Single by Connie Francis
- B-side: "Someone Else's Boy"
- Released: April 1961
- Recorded: October 18, 1960
- Genre: Country pop
- Length: 2:35
- Label: MGM Records
- Songwriter(s): Howard Greenfield, Jack Keller

Connie Francis singles chronology
| "Where the Boys Are" (1961) | "Breakin' in a Brand New Broken Heart" (1961) | "Together" (1961) |

= Breakin' in a Brand New Broken Heart =

"Breakin' in a Brand New Broken Heart" is a popular song written by Howard Greenfield and Jack Keller.

==Background==
It was recorded by Connie Francis in an October 18, 1960, New York City session conducted and arranged by Stan Applebaum; the same session produced "Where the Boys Are". Like Francis' previous Greenfield/Keller-penned hit "Everybody's Somebody's Fool", "Breakin' in a Brand New Broken Heart" exemplified the country pop sound and while unlike "Everybody's Somebody's Fool", "Breakin' in a Brand New Broken Heart" was not a C&W crossover for Francis herself.

==Chart performance==
"Breakin' in a Brand New Broken Heart" was released as the follow-up single in April 1961, reaching the Top 10 in May with a Billboard Hot 100 peak of number 7 (number 5 on the Cash Box Pop 100).

Although "Breakin' in a Brand New Broken Heart" was Francis' seventh consecutive A-side to reach the Top 10 - and her eleventh Top 10 overall - the single did mark a dip in her popularity as, while Francis' previous eight singles had had both A- and B-sides chart, the single's B-side "Someone Else's Boy" was overlooked in the U.S. despite becoming an international success for Francis via her recording versions in eight languages.
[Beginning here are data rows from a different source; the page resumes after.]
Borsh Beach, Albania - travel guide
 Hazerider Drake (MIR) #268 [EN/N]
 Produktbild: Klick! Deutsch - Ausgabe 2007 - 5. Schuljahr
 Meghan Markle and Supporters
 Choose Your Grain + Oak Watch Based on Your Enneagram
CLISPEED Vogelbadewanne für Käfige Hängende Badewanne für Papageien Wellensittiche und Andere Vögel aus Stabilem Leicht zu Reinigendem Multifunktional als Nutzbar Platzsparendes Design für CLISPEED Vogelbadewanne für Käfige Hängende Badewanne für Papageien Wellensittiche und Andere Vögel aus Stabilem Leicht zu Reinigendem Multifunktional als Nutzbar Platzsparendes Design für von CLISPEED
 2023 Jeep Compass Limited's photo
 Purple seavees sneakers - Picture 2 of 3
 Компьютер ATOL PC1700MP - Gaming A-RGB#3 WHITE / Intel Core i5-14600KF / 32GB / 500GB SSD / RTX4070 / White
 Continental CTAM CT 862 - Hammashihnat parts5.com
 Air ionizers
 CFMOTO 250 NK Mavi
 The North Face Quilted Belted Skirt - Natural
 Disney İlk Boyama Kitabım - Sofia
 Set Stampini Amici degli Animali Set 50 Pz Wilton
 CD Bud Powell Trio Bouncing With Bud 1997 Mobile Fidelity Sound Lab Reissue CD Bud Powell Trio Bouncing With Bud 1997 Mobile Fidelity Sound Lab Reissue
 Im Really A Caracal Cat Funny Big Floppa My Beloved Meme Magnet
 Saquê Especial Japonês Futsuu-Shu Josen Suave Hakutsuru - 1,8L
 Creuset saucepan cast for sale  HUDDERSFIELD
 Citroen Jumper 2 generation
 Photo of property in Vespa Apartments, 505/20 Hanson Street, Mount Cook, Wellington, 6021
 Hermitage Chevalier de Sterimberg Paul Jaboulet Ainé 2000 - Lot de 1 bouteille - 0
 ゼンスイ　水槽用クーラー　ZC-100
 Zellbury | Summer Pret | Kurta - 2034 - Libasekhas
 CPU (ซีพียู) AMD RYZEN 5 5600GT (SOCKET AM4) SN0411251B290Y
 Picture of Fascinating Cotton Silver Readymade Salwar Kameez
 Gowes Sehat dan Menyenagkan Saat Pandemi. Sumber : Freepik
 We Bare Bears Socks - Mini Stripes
In the UK, "Breakin' in a Brand New Broken Heart" reached number 12 in June 1961. In Canada it was number 14 for two weeks in May 1961. Elsewhere, the track reached the Top 10 in Australia (number 8) and New Zealand (number 2), that July. In September 1961, it reached number 7 in the Netherlands, with a Top 10 ranking in India in December. Also in 1961, Francis' rendering in Italian as "La Valle Senzo Eco" ("The valley without echo") was a Top 10 hit in Italy, reaching No. 6 there. It was her 3rd best charting Italian release.

==Cover versions==
- The song entered C&W canon via a cover by the Wilburn Brothers on their 1962 album City Limits, as "Breaking in a Brand New Broken Heart"
- In 1978, Margo Smith remade the song for her Don't Break the Heart That Loves You LP, whose title cut, a remake of Francis' 1961 number one hit, had been a number one C&W hit.
- "Breakin' in a Brand New Broken Heart" was a number 25 C&W single in 1979 for Debby Boone. Her precedent single had also been a remake of a Connie Francis hit, specifically "My Heart Has a Mind of Its Own" (number 11 C&W); both tracks were featured on the Debby Boone album. In 1980, Boone attempted a third Connie Francis hit remake with her version of "Everybody's Somebody's Fool" which would fall short of the C&W Top 40 at number 48.
- A German rendering of the song: "Das kommt davon...", was recorded in 1961 by Gitte.
- Elda Viler (sl) recorded the Slovenian rendering "Dolina Brez Odmeva" in 1964 and also recorded "La Valle Senzo Eco" in 1965.
- A version in soumi: "Äsken särkyi sydämeni", was cut by Marjatta Leppänen(fi) for release in Finland.